> [EXERCISE GOAL]:
Give back an exact copy of the listing that follows, without the pictures.

###

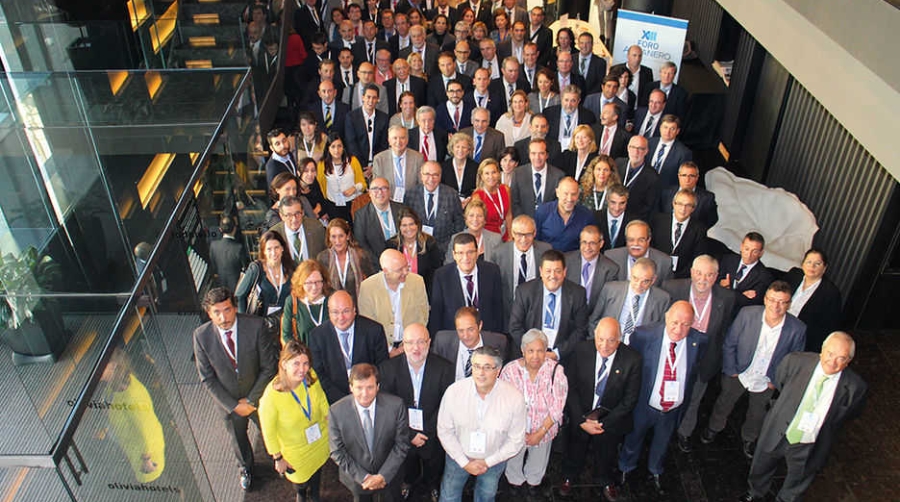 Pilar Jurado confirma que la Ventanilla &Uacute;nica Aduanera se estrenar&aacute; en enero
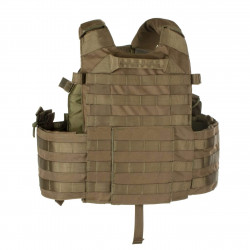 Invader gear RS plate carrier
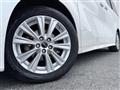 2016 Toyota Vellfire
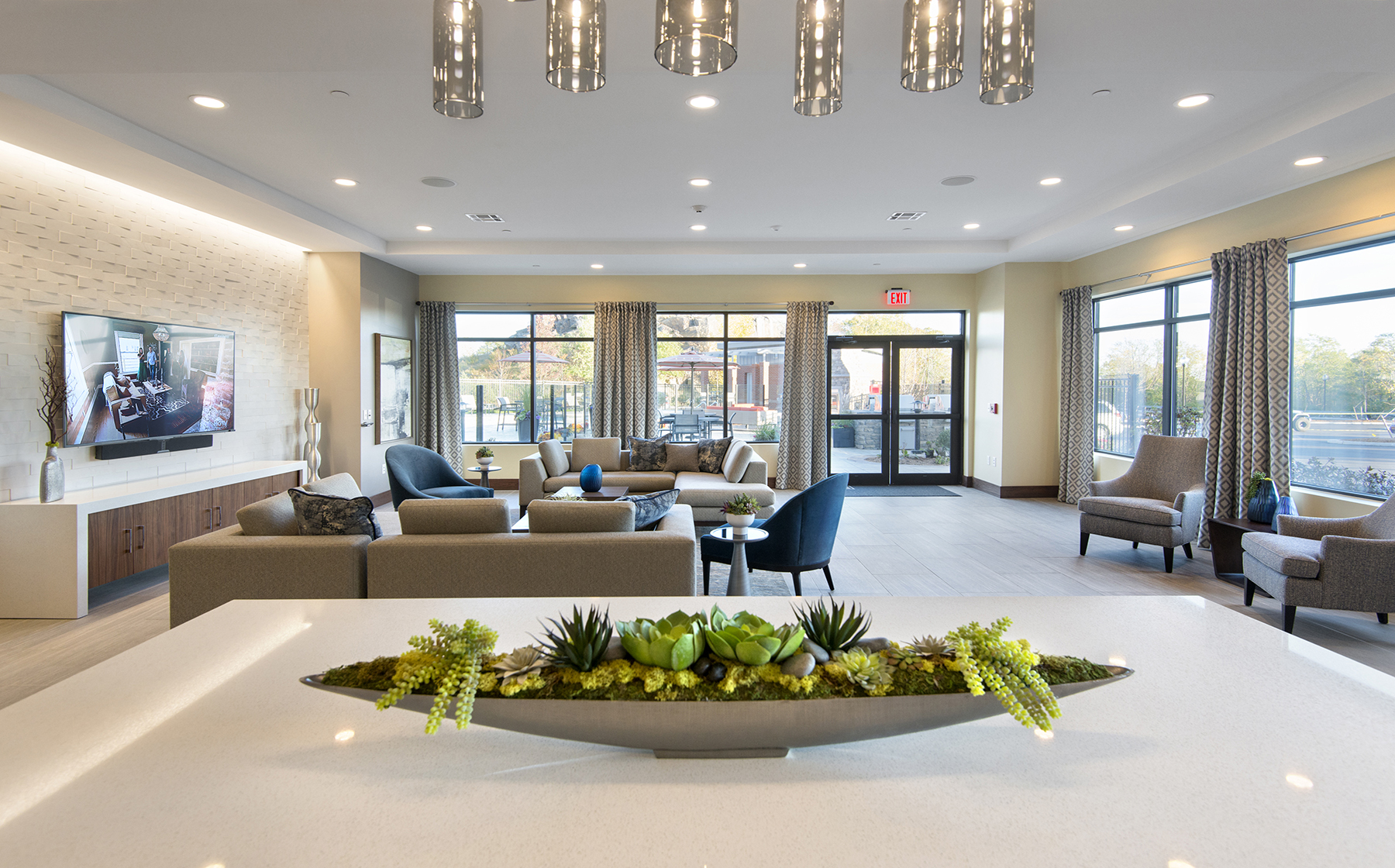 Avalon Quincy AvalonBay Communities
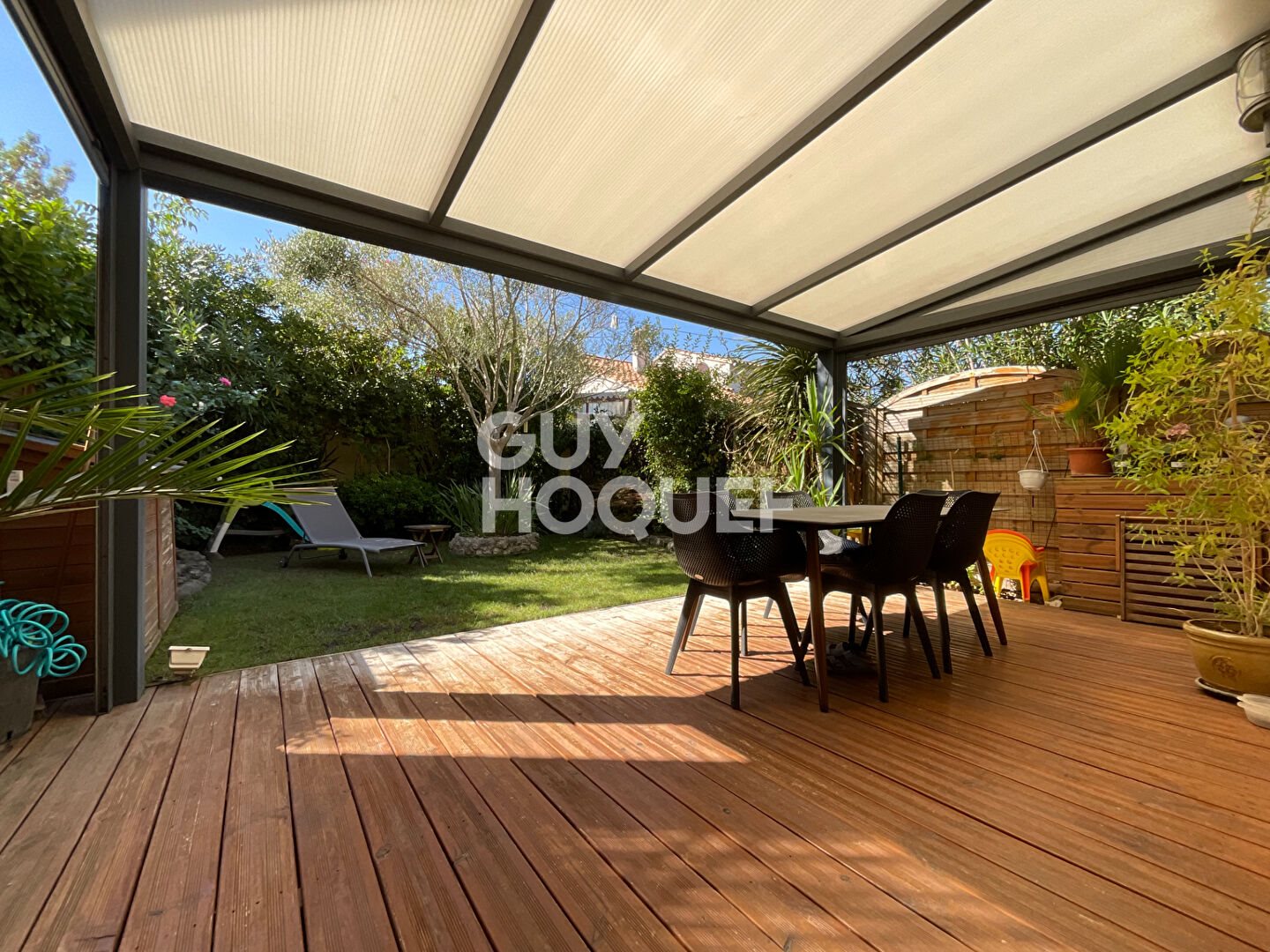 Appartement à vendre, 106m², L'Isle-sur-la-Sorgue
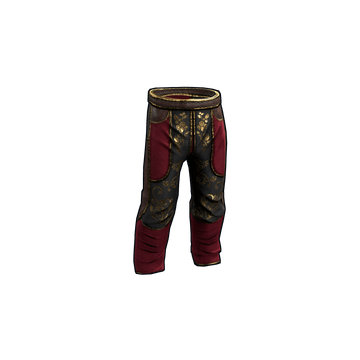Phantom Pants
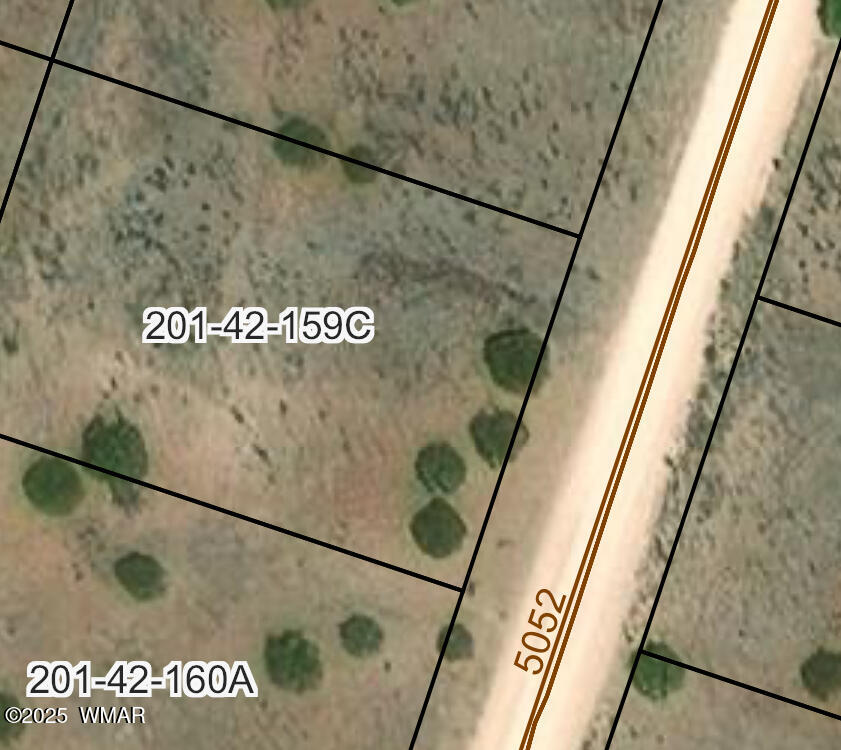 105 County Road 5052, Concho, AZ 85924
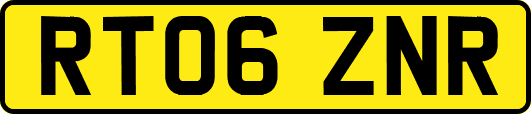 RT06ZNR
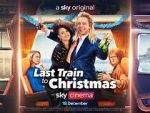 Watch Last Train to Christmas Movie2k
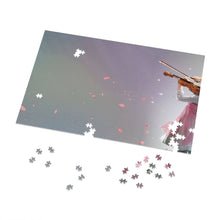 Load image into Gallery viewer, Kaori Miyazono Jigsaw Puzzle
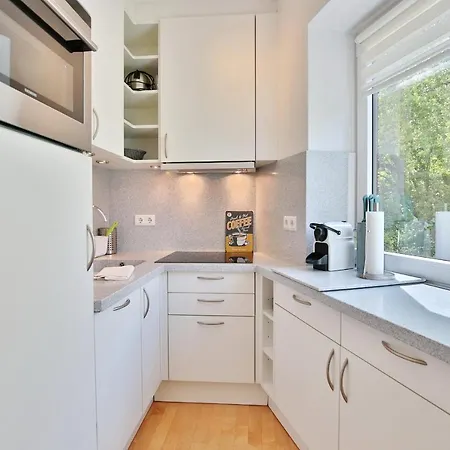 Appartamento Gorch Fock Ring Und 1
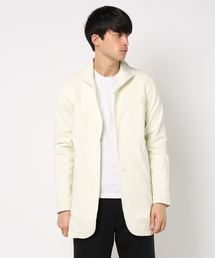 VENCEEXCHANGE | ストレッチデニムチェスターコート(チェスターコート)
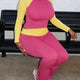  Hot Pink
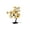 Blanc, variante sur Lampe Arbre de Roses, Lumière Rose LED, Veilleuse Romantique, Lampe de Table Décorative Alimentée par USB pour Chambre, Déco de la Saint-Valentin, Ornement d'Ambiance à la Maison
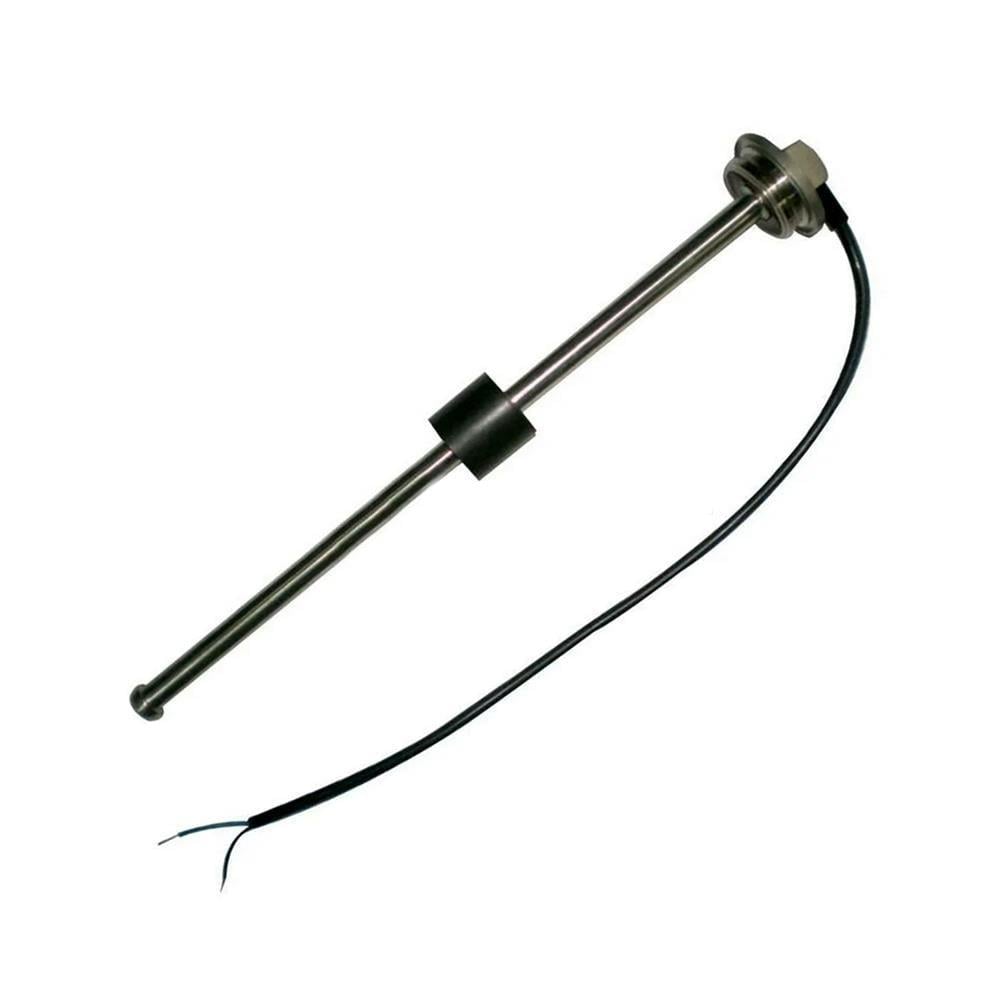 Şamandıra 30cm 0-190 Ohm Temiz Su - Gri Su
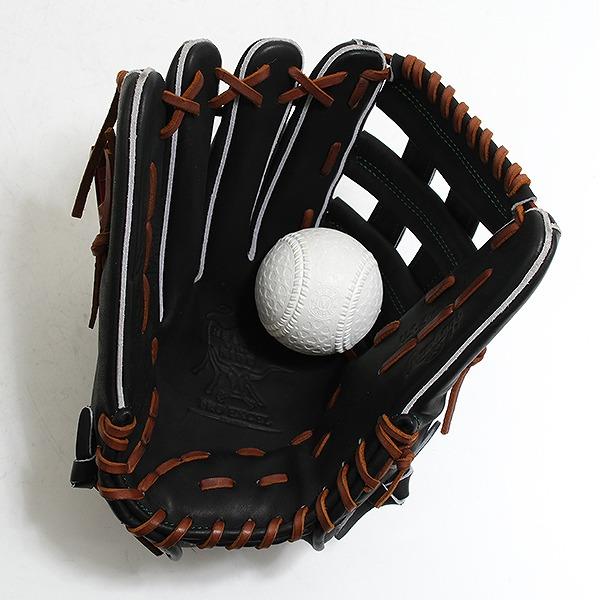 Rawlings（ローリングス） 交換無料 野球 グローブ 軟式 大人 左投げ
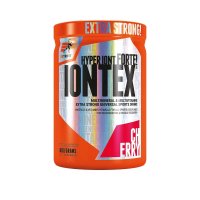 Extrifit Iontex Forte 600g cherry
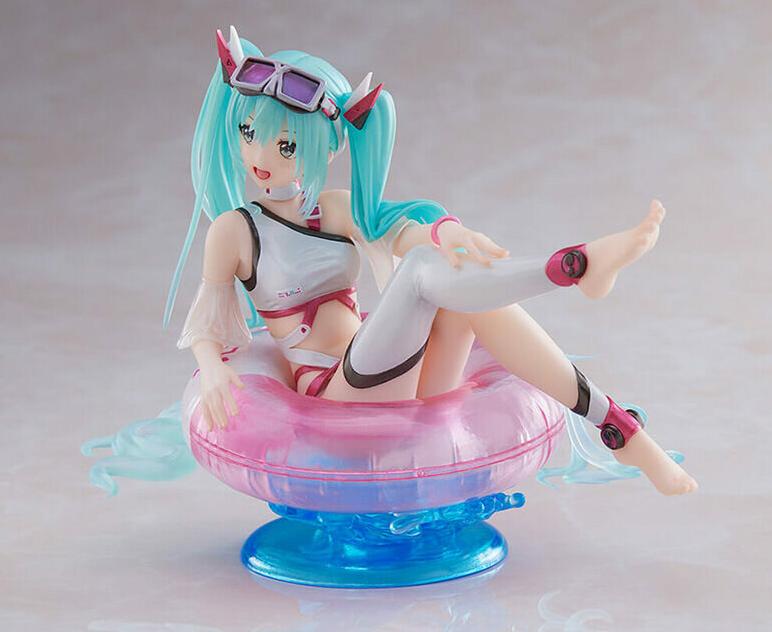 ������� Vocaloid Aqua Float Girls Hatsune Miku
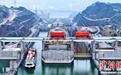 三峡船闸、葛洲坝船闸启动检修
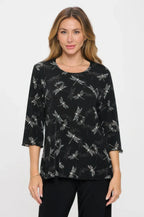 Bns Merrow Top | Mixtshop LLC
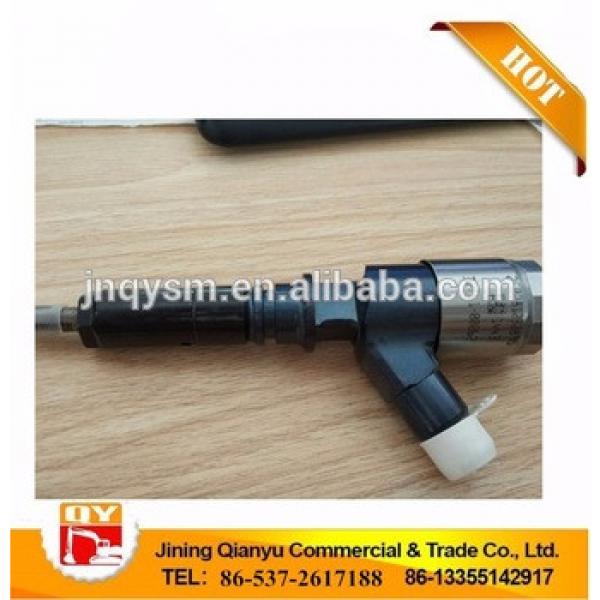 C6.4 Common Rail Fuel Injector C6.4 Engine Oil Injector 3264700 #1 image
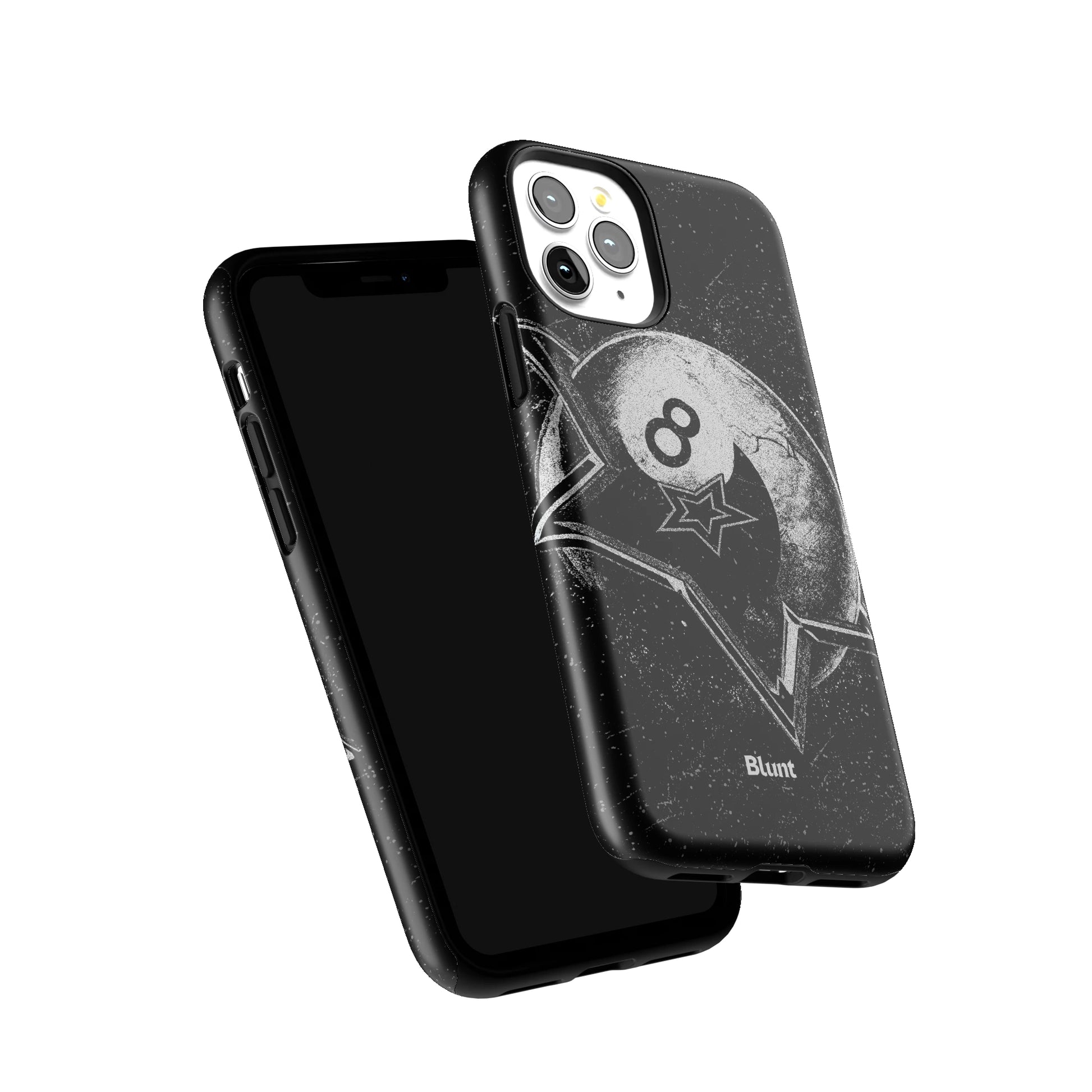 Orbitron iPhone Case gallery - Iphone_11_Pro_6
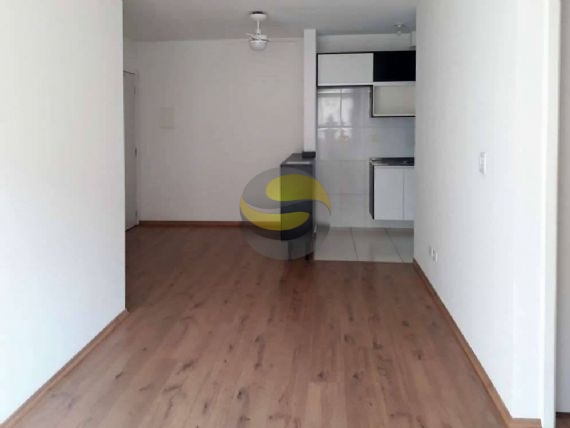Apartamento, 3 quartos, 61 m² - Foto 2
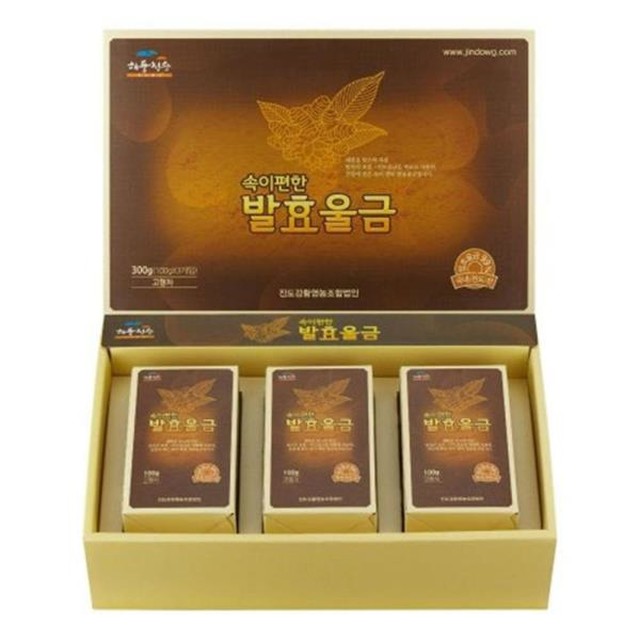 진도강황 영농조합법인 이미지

###

> [FINAL ANSWER]:
 Pilar Jurado confirma que la Ventanilla &Uacute;nica Aduanera se estrenar&aacute; en enero
 Invader gear RS plate carrier
 2016 Toyota Vellfire
 Avalon Quincy AvalonBay Communities
 Appartement à vendre, 106m², L'Isle-sur-la-Sorgue
Phantom Pants
 105 County Road 5052, Concho, AZ 85924
 RT06ZNR
 Watch Last Train to Christmas Movie2k
 Load image into Gallery viewer, Kaori Miyazono Jigsaw Puzzle
 Appartamento Gorch Fock Ring Und 1
 VENCEEXCHANGE | ストレッチデニムチェスターコート(チェスターコート)
  Hot Pink
 Blanc, variante sur Lampe Arbre de Roses, Lumière Rose LED, Veilleuse Romantique, Lampe de Table Décorative Alimentée par USB pour Chambre, Déco de la Saint-Valentin, Ornement d'Ambiance à la Maison
 Şamandıra 30cm 0-190 Ohm Temiz Su - Gri Su
 Rawlings（ローリングス） 交換無料 野球 グローブ 軟式 大人 左投げ
 Extrifit Iontex Forte 600g cherry
 ������� Vocaloid Aqua Float Girls Hatsune Miku
 三峡船闸、葛洲坝船闸启动检修
 Bns Merrow Top | Mixtshop LLC
 C6.4 Common Rail Fuel Injector C6.4 Engine Oil Injector 3264700 #1 image
 Orbitron iPhone Case gallery - Iphone_11_Pro_6
Apartamento, 3 quartos, 61 m² - Foto 2
 진도강황 영농조합법인 이미지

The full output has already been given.